Your objective |
The entire listing is to be repeated verbatim.

━━━━━━

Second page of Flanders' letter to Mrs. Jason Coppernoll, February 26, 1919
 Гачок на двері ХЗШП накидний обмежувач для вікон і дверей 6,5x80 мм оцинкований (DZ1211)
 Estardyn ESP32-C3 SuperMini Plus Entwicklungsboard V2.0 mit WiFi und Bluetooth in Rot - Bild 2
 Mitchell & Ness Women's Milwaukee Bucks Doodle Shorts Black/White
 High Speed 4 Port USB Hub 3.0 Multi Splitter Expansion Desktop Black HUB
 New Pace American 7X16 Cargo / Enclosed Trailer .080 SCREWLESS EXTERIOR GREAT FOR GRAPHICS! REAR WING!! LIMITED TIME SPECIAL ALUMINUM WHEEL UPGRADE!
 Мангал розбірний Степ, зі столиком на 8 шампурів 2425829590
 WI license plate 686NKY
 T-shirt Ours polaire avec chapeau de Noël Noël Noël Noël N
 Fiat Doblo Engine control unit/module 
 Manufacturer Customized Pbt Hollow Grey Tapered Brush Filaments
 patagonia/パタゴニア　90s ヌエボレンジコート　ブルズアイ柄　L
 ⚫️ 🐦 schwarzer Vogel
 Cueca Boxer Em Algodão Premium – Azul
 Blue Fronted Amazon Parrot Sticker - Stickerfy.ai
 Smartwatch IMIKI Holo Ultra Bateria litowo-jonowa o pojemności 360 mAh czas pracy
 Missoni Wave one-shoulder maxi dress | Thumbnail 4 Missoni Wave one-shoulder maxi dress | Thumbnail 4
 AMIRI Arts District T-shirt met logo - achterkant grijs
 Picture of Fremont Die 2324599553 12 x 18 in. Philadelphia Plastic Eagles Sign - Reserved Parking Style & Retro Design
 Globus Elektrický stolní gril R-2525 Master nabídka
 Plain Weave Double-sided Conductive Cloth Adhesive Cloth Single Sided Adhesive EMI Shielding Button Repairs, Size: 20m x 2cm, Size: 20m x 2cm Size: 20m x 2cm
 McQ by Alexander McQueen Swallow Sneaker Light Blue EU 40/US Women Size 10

━━━━━━

Result of this exercise |
Second page of Flanders' letter to Mrs. Jason Coppernoll, February 26, 1919
 Гачок на двері ХЗШП накидний обмежувач для вікон і дверей 6,5x80 мм оцинкований (DZ1211)
 Estardyn ESP32-C3 SuperMini Plus Entwicklungsboard V2.0 mit WiFi und Bluetooth in Rot - Bild 2
 Mitchell & Ness Women's Milwaukee Bucks Doodle Shorts Black/White
 High Speed 4 Port USB Hub 3.0 Multi Splitter Expansion Desktop Black HUB
 New Pace American 7X16 Cargo / Enclosed Trailer .080 SCREWLESS EXTERIOR GREAT FOR GRAPHICS! REAR WING!! LIMITED TIME SPECIAL ALUMINUM WHEEL UPGRADE!
 Мангал розбірний Степ, зі столиком на 8 шампурів 2425829590
 WI license plate 686NKY
 T-shirt Ours polaire avec chapeau de Noël Noël Noël Noël N
 Fiat Doblo Engine control unit/module 
 Manufacturer Customized Pbt Hollow Grey Tapered Brush Filaments
 patagonia/パタゴニア　90s ヌエボレンジコート　ブルズアイ柄　L
 ⚫️ 🐦 schwarzer Vogel
 Cueca Boxer Em Algodão Premium – Azul
 Blue Fronted Amazon Parrot Sticker - Stickerfy.ai
 Smartwatch IMIKI Holo Ultra Bateria litowo-jonowa o pojemności 360 mAh czas pracy
 Missoni Wave one-shoulder maxi dress | Thumbnail 4 Missoni Wave one-shoulder maxi dress | Thumbnail 4
 AMIRI Arts District T-shirt met logo - achterkant grijs
 Picture of Fremont Die 2324599553 12 x 18 in. Philadelphia Plastic Eagles Sign - Reserved Parking Style & Retro Design
 Globus Elektrický stolní gril R-2525 Master nabídka
 Plain Weave Double-sided Conductive Cloth Adhesive Cloth Single Sided Adhesive EMI Shielding Button Repairs, Size: 20m x 2cm, Size: 20m x 2cm Size: 20m x 2cm
 McQ by Alexander McQueen Swallow Sneaker Light Blue EU 40/US Women Size 10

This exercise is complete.